Although many clients seek an estate plan that will help them avoid the probate process, most clients do not really understand what the probate process actually involves. One misconception is that avoiding probate means eliminating estate taxes. Another misconception is that your estate only goes through probate if you die without a will. If avoiding probate is really what you want, you should first know what you are avoiding. Once you have decided, here are four methods for getting it done.
What is the purpose of probate?
The purpose of the probate process is to accomplish the transfer of assets from the deceased to his or her beneficiaries when there is no other way to do so. Put another way, probate is considered the last resort when there are no estate planning instruments in place. If you only have a will, your estate will still need to go through probate in order to transfer your property to your intended beneficiaries.
The four basic mechanisms for probate avoidance
In most states, there are four basic ways to transfer ownership of the assets in an estate, outside of the probate process. These methods include:
- operation of law (joint tenancy)
- contract (beneficiary designations)
- summary probate
If any of these mechanisms are used correctly, avoiding probate can be easily accomplished. Your estate planning attorney can help you with this task.

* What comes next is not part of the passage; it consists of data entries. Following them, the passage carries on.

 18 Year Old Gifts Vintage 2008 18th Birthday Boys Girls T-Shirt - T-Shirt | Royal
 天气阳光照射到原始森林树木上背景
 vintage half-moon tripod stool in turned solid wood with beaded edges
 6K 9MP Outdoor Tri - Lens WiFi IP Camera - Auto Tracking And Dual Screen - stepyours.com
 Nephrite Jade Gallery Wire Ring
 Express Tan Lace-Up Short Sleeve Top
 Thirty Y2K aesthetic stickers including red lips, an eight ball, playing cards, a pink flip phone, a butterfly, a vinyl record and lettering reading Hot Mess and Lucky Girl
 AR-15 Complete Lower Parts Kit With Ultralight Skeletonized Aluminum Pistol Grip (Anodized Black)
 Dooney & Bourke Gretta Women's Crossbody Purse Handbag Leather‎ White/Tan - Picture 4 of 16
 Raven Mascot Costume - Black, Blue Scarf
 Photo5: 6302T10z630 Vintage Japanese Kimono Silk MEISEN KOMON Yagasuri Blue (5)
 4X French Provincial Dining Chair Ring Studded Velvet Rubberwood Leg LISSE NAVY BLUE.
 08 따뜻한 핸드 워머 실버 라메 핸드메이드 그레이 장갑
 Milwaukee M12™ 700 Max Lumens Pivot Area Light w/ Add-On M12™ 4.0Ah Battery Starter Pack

No. 1 – Transferring an estate by right of survivorship
In situations where two people hold title to the same property in “joint tenancy,” they have essentially designated each other as their beneficiary upon their death. This is referred to as “right of survivorship.” The right of survivorship applies to personal property as well as real estate. This type of property does not have to go through probate in order to be transferred to the proper beneficiary.
No. 2 – Transferring an estate by designating a beneficiary
Another way to transfer property while avoiding probate is through beneficiary designation. For example, life insurance policies and retirement accounts are simply transferred to the designated beneficiaries upon the primary policy or account holder’s death. Similarly, payable-on-death accounts operate the same way. Some bank accounts, for instance, can be converted to payable-on-death accounts by completing a form that lists beneficiaries of that particular account. Then, upon your death, the money in the account will automatically be transferred to your named beneficiary without going through probate.
No. 3 – Transferring an estate by trust agreement
One of the greatest benefits of a trust is probate avoidance. With a trust, all of the property you transfer or fund to the trust can be transferred to your named trust beneficiary without the need for going through probate. The trustee who manages the property until your death will ensure the property distribution of your trust property when the time comes.
No. 4 – Summary probate administration
Most states, including Missouri and Kansas, allow for summary administration proceedings. Through this shortened process, estates governed by a will can be administered simply by following the terms of the decedent’s will without the need for a full probate proceeding. Summary administration is often less expensive, which can be a huge benefit to families. However, these proceedings often have strict asset limits and timeframes to be effective.
Claiming property with a simple affidavit
In both Kansas and Missouri, heirs are allowed to avoid probate altogether when the value of the estate is under $40,000. All that is required is a short affidavit stating that the heir is entitled to a particular asset. An affidavit must be signed under oath. The affidavit is then submitted to the person or institution holding said property, along with a copy of the death certificate. That third-party, a bank for example, would then release the property to the heir. Some states may require that the affidavit is filed with the probate court.
The purpose of the small estate affidavit
The main purpose of the affidavit used for small estates is to let the probate court know that this particular estate meets the requirements for simplified summary probate administration as opposed to general probate proceedings. Another option is the simplified probate process for small estates. An executor can simply file a written request with the local probate court requesting use of the simplified procedure. If approved, the court may authorize the executor to distribute the assets without going through the full procedure of regular probate.